#### Provided data:
■ ■ ■ ■

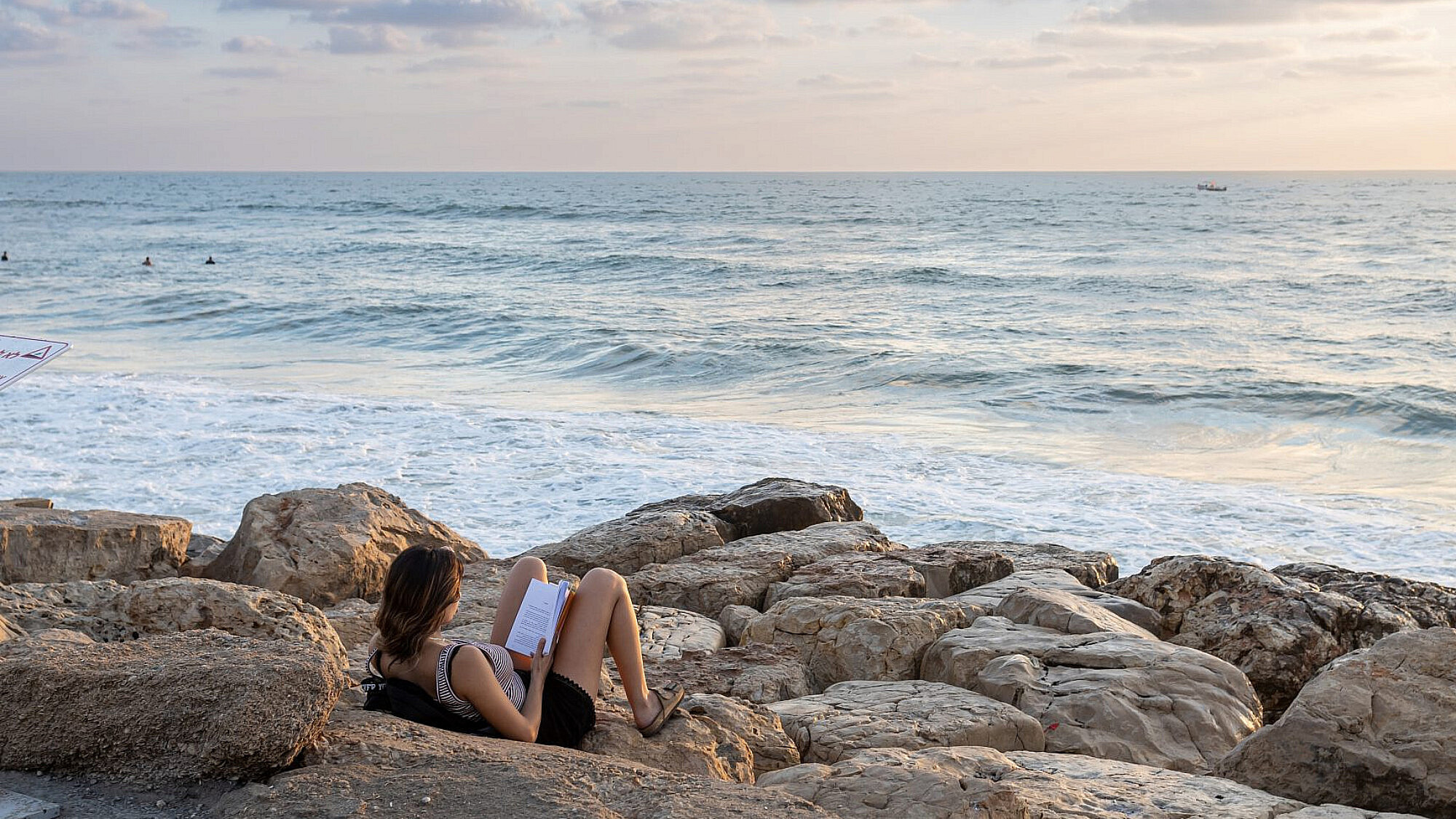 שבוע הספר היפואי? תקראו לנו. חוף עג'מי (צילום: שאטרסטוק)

■ ■ ■ ■

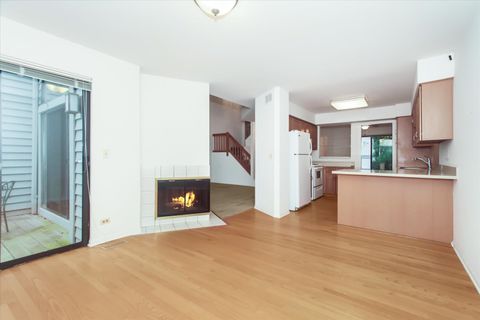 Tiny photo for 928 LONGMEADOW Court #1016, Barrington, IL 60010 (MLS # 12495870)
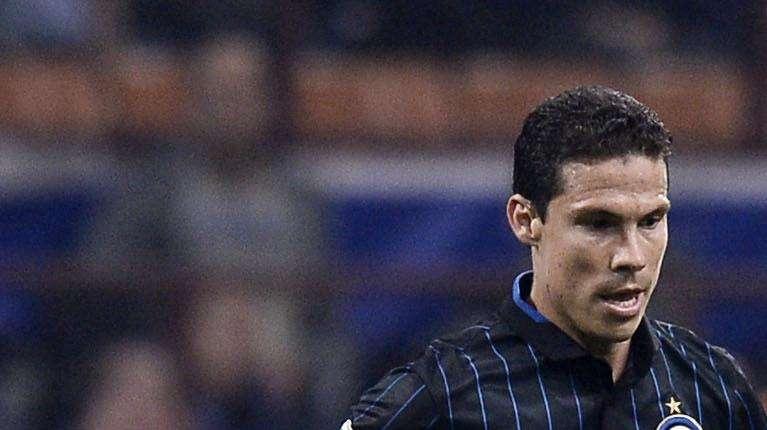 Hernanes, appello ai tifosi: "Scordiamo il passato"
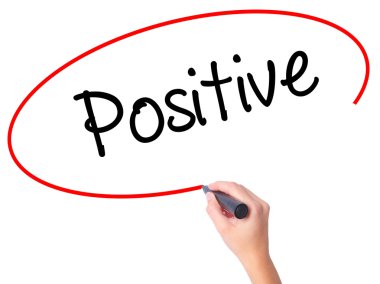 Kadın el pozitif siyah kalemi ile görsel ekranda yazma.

■ ■ ■ ■

#### Problem:
Given the listing above, repeat exactly the lines starting at the one with "Hernanes, appello ai" and ending at the one with "Kadın el pozitif", inclusive, excluding pictures.

#### Expected answer:
 Hernanes, appello ai tifosi: "Scordiamo il passato"
 Kadın el pozitif siyah kalemi ile görsel ekranda yazma.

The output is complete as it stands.